All Packages  Class Hierarchy  This Package  Previous  Next  Index

Class org.xmlmiddleware.xmlutils.DOMNormalizer

java.lang.Object
   |
   +----org.xmlmiddleware.xmlutils.DOMNormalizer

public class DOMNormalizer
extends Object
Utility methods that treat a DOM tree as if it consisted only of element, attribute, and text nodes.

The methods in this class behave as if the DOM tree consisted only of element, attribute, and fully-normalized text nodes. Except for serialize(), they modify the DOM tree as necessary, replacing entity references with their children, discarding comment and processing instruction nodes, merging adjacent text and CDATA nodes, and so on.

For example, suppose we have the following DOM tree:

                           ELEMENT(A)
                               |
             -------------------------------------
             |           |           |           |
         ELEMENT(B)  TEXT("foo")  ENTITYREF  TEXT("bar")
                                     |
                         -----------------------
                         |           |         |
                     CDATA("asdf")   PI     ELEMENT(C)
 

This class behaves as if the first child of element node A is element node B, the next sibling of element node B is the text node "fooasdf", and the next sibling of the text node "fooasdf" is the element node C. That is, it normalizes the tree to the following:

                           ELEMENT(A)
                               |
             ----------------------------------------
             |              |           |           |
         ELEMENT(B)  TEXT("fooasdf")  ELEMENT(C)  TEXT("bar")

The serialized form of this is:

    <A><B/>fooasdf<C/>bar</A>

The code assumes that the tree will be traversed in depth-first, width-second order, with the methods in this class, such as getFirstChild, replacing the corresponding methods in DOM's Node interface. This is done so that the tree can be processed in a single pass, rather than a normalization pass and a reading pass. The result of using methods in this class when traversing the tree in any other order is undefined.

Version:
2.0
Author:
Ronald Bourret

Constructor Index

 o DOMNormalizer()

Method Index

 o expandEntityRef(Node)
Replace an entity reference node by its children.
 o getFirstChild(Node)
Get the first normalized child node.
 o getNextSibling(Node)
Get the next normalized sibling node.
 o normalizeNode(Node)
Get the first normalized node at or sibling-wise after the input node.
 o normalizeText(Node)
Normalize text nodes, starting with the current node.
 o serialize(Node, boolean, boolean)
Serialize the normalized version of a node.

Constructors

 o DOMNormalizer
 public DOMNormalizer()

Methods

 o getFirstChild
 public static Node getFirstChild(Node node)
Get the first normalized child node.

Parameters:
node - Parent node.
Returns:
First normalized child node or null if there is no normalized child node.
 o getNextSibling
 public static Node getNextSibling(Node node)
Get the next normalized sibling node.

Parameters:
node - Starting node.
Returns:
First normalized sibling node or null if there is no normalized sibling node.
 o normalizeNode
 public static Node normalizeNode(Node node)
Get the first normalized node at or sibling-wise after the input node.

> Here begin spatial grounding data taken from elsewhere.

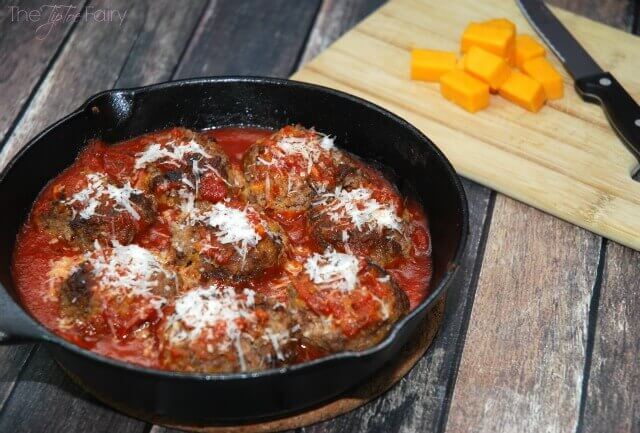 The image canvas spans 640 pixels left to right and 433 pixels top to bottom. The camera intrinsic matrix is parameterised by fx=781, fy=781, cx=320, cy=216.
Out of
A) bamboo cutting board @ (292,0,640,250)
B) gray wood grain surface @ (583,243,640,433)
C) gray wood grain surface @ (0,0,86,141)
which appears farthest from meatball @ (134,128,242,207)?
gray wood grain surface @ (583,243,640,433)

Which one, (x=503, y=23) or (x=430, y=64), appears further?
(x=503, y=23)

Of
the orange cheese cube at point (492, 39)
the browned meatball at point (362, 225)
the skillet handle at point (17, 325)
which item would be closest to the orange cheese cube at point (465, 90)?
the orange cheese cube at point (492, 39)

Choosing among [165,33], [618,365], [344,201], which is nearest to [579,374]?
[618,365]

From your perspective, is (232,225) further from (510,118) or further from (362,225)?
(510,118)

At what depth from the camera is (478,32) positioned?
4.44 metres

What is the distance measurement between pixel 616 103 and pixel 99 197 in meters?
2.68

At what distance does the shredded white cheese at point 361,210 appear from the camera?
3184 mm

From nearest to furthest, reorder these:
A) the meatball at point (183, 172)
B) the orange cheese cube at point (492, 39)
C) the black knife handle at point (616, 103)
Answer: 1. the meatball at point (183, 172)
2. the black knife handle at point (616, 103)
3. the orange cheese cube at point (492, 39)

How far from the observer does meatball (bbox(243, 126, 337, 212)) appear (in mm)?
3412

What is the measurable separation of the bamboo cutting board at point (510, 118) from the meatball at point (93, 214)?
1.60 metres

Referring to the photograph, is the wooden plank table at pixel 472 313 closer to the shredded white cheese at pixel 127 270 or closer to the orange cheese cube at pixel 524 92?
the shredded white cheese at pixel 127 270

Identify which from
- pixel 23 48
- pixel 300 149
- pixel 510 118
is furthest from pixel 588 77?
pixel 23 48

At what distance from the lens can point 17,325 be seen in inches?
98.6

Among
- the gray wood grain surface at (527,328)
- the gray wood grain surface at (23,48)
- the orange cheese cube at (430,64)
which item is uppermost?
the gray wood grain surface at (23,48) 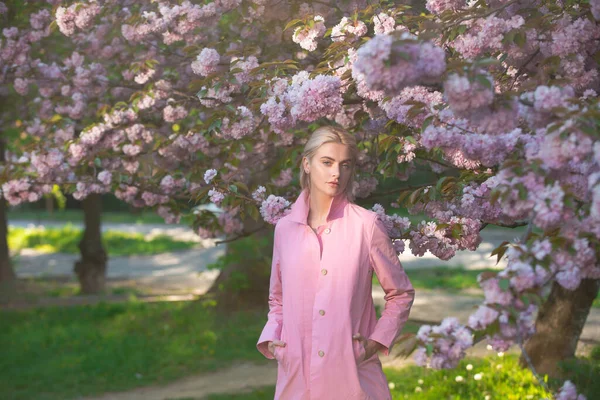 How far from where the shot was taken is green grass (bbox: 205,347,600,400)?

This method expands entity references in place, discards processing instruction and comment nodes, and concatenates adjacent text and CDATA nodes.

Parameters:
node - Starting node.
Returns:
The node. Null if such a node does not exist or if the type of the input node is not a type that can legally occur beneath an element node.
 o normalizeText
 public static Node normalizeText(Node node)
Normalize text nodes, starting with the current node.

If the input node is a text or CDATA node, concatenate its value with the values of all immediately following text or CDATA nodes. A following text or CDATA node is considered to be immediately following if the only nodes between it and the input node are text, CDATA, comment, or processing instruction nodes. (Comment and processing instruction nodes are discarded.)

If the input node is not a text or CDATA node, or if the input node has no parent, then no normalization takes place and the input node is returned.

If the input node is a CDATA node, it is converted to a text node.

Parameters:
node - Text or CDATA node to normalize.
Returns:
The normalized node.
 o expandEntityRef
 public static Node expandEntityRef(Node node)
Replace an entity reference node by its children.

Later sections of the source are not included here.